This is SYLVAC #9
35 years of innovation at Sylvac
Daniel Rawyler was one of the first engineers to join Sylvac in 1985.
35 years later, he is responsible for Research and Development in the electronics sector and is still passionate about the innovation of small instruments and the electronic part of Sylvac's measuring machines.
Since the end of his training at the age of 23, the engineer has been in the right place at the right time and feels lucky to be able to participate in the Sylvac adventure. "I've seen the company grow: there were 15 of us at Crissier and now there are nearly 130 at the two sites in Switzerland. I travel and meet users of the products I work on with my team, it's a great source of information and motivation. »
If Daniel Rawyler has been attached to the company for all these years, it is because the spirit of Sylvac suits him particularly well. "It's a creative, positive company that places a lot of importance on teamwork and where everyone is very open.

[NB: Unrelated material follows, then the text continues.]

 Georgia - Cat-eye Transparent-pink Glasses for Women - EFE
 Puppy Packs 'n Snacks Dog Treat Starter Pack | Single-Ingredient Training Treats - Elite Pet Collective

Not to mention the satisfaction of seeing the results of our work distributed around the world. And since innovation is never-ending, we don't see the years go by," he adds.
But Daniel Rawyler prefers to talk about new technologies rather than his own career path. He remembers the major stages in the evolution of Sylvac instruments, setting the pace for his mission to "put more and more technology into the product by simplifying its use as much as possible. In other words, this requires a considerable effort on the part of the engineers, who "tend to make things complicated," he admits. "Fortunately, we talk a lot with the product managers who are in contact with customers. This way we achieve our goal of being able to use an instrument right out of the box, which is not the case with our competitors.
This is how the pioneers of connectivity and the champions of Bluetooth® measuring instruments first made the big shift from analog to digital by moving from analog to a digital display, first in hundredths of a mm and then in microns, allowing direct mm-Inch conversion.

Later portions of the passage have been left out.